■ **Your goal**:
Write out exactly, excluding pictures, the lines from the one containing "Furtun aer intercooler" through the end of the data, both included.

■ **Records for this task**:
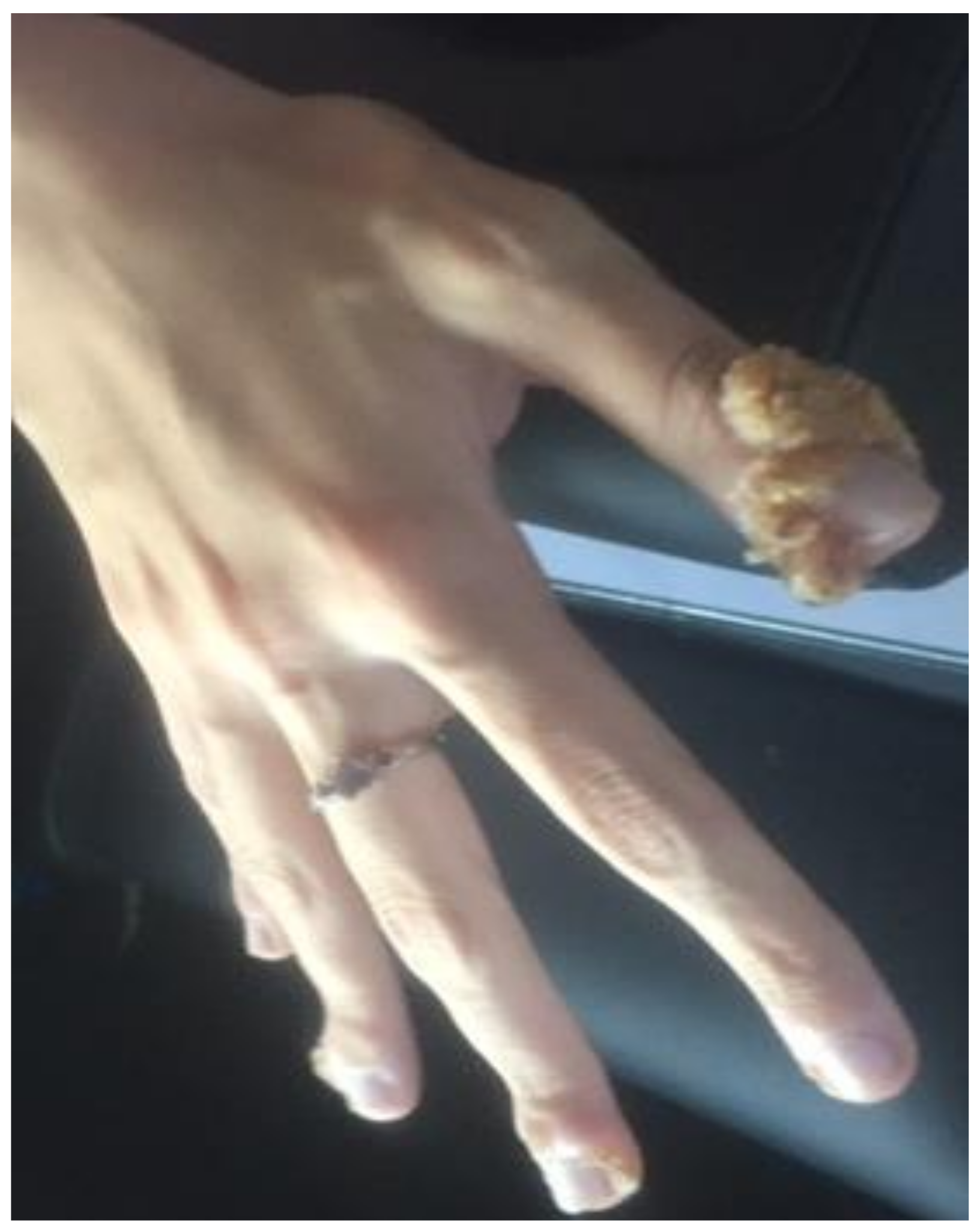 Medsci 06 00030 g001 Medsci 06 00030 g001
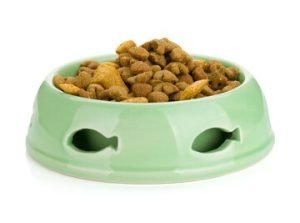 Organic meaty diets for cats and dogs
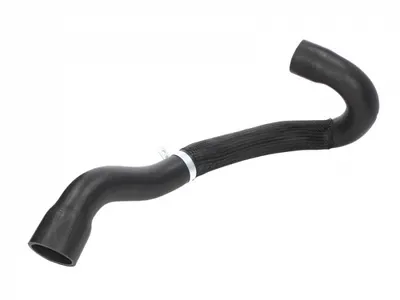 Furtun aer intercooler (partea evacuare fata) CITROEN C4, C4 I; PEUGEOT 307 1.6 intre 2003-2011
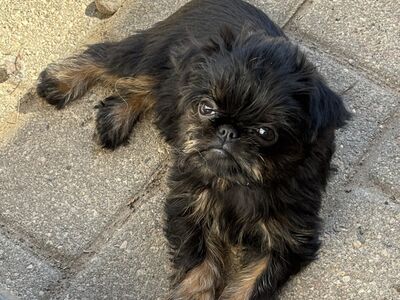 Griffon Belgian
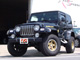 JEEP Wrangler �S�[���f���C�[�O�� (2006)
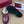 Gucci FW 25 Horsebit Suede Clog Deep Burgundy Leather with Shearling 506442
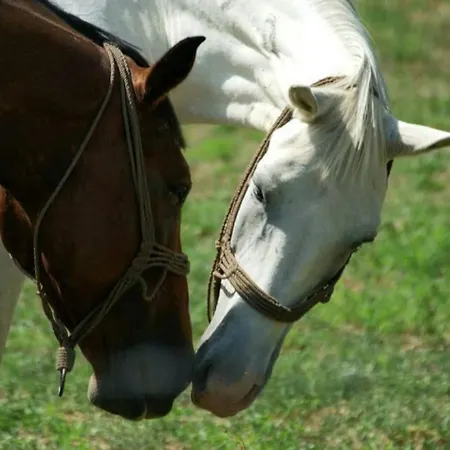 Of Ilidza And Rakovica Ferienhaus Sarajevo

■ **Written solution**:
 Furtun aer intercooler (partea evacuare fata) CITROEN C4, C4 I; PEUGEOT 307 1.6 intre 2003-2011
 Griffon Belgian
 JEEP Wrangler �S�[���f���C�[�O�� (2006)
 Gucci FW 25 Horsebit Suede Clog Deep Burgundy Leather with Shearling 506442
 Of Ilidza And Rakovica Ferienhaus Sarajevo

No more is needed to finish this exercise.